I heard a talk by a Lego (Australia) rep a few years back at a Lego event. His (companies) view was that in the 90s, they were losing market share and in danger of making losses. Part of the issue was a decline in the quality of sets in general, but the turn-around came when they specifically set out to target boys (first) and later girls – I see it more as a response to increasing gender-separatism, rather than being on the leading edge. That doesn’t excuse them from trying to improve things (even in the City theme, which should be relatively gender-neutral, male minifigs far outnumber female), but now that the existence of the company seems to be assured for a while longer, maybe they’ll have the chance. Also, Friends is just the latest in a long line of girl-focused Lego themes – Scala, Belville, Scala, Clikits, and so on – but the first to actually catch on and sell well.

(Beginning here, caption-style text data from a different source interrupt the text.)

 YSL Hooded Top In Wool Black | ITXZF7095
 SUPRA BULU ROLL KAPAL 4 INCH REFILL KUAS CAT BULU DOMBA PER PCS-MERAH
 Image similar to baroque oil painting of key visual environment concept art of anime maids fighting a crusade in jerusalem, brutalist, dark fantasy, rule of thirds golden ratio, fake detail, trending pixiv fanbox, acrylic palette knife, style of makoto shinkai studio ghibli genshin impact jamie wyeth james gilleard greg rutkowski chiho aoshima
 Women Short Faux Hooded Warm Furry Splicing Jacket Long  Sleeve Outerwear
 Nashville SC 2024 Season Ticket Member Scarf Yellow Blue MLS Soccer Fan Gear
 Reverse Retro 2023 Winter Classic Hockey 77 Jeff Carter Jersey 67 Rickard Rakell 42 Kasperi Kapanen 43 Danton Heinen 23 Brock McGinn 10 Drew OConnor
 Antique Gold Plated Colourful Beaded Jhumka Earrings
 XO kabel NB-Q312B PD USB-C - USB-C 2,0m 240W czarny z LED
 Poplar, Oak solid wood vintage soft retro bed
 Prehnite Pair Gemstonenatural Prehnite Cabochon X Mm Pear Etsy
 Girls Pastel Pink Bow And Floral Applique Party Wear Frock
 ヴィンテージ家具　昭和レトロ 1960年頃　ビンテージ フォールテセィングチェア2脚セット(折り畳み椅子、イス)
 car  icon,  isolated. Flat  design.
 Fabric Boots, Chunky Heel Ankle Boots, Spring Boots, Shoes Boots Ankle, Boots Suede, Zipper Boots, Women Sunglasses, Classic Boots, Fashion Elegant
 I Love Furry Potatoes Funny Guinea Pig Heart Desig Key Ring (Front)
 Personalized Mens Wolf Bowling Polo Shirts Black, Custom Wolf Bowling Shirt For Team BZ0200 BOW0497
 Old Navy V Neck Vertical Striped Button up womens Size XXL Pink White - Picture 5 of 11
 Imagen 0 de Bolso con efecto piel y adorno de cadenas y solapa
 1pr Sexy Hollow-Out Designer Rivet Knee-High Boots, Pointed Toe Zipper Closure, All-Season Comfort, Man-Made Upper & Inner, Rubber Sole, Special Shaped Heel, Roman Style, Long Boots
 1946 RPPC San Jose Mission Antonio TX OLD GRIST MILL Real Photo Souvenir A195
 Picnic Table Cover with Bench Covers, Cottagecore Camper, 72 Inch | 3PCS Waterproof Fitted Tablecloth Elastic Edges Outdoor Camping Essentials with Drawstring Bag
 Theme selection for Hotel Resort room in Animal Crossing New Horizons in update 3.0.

(and maybe they’ll pick up on the reverse trend e.g. some toystores in the UK no longer having a “pink aisle” and “everything else (for boys)” – although I don’t think the Aussie stores have caught up yet, sadly)
[1] Adult Fan of Lego
I have to concur on the sets themselves. They’re as intricate as any of the ‘boy’ sets, and they’re as diverse. My daughter’s minifig sets are a dojo and a farm. Her cousins like the Lego Friends line of pets as much (if not more) than the Lego line of vehicles. And those little sets (in the foil packages) are again, as intricate as any other set.
The biggest difference I see, in play and in the marketing, is that most of the Lego lines are media properties so they’re desired as facets of Star Wars or Transformers play. Lego Friends is like Chima – a Lego property.
My ultimate decision making on this (the Lego Friends issue) is informed the same way as my decision making on Barbie/Disney Princess media – I want MORE female representation for my daughter and within the actual practical qualitative parts of those products there’s a shit tonne more representation than anywhere else in media. The Barbie movies are actually reasonably okay for female representation – female friendships are foregrounded, self-identification and so on. The way the Smurfette principle works is that I either choose between quantity of female characters (in ‘girly’ properties like Barbie, or Disney princesses, horsey books and so on) or I choose the single female smurf in the sea of Ben10 aliens or Lego dudes or superheroes.
I mean, in reality I choose both, but on the ground, Lego Friends is fun and awesome and has a far better breadth of women than the Lego lines.
I’m in the “friends sets compatible and good, mutant friends figures bad” camp. Also in the “almost lego is not lego”, the cheap stuff I have seen is lacking in the quality of the product, not just the marketing.